About this task: Retype, exactly and completely, the listing that comes next, skipping its images.

Data provided:
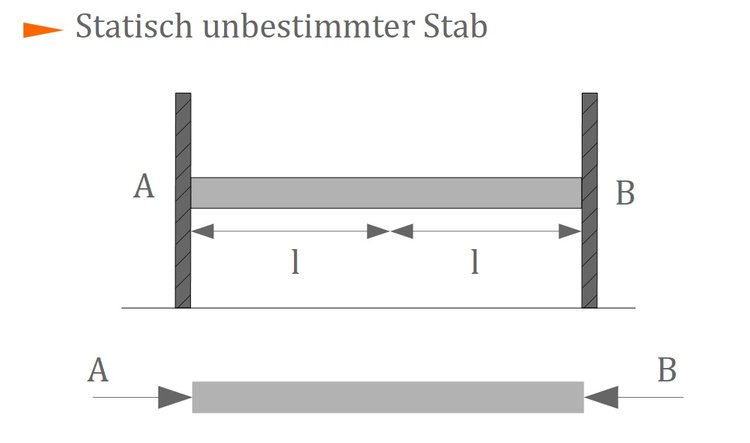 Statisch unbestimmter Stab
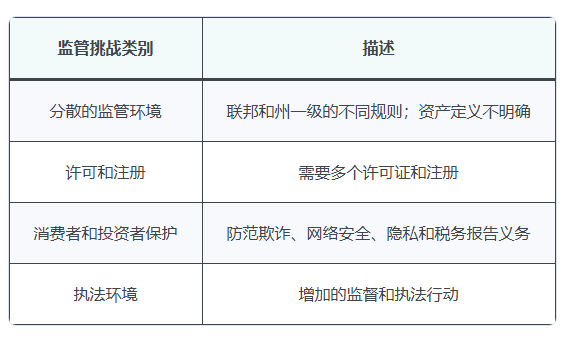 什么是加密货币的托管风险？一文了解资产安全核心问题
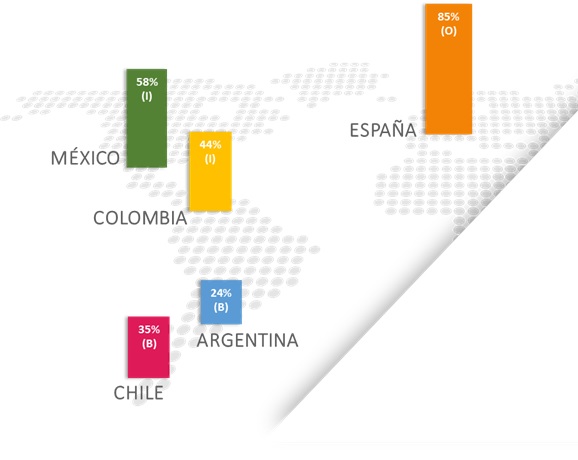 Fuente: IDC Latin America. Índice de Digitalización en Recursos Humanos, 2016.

Written reply:
 Statisch unbestimmter Stab
 什么是加密货币的托管风险？一文了解资产安全核心问题
 Fuente: IDC Latin America. Índice de Digitalización en Recursos Humanos, 2016.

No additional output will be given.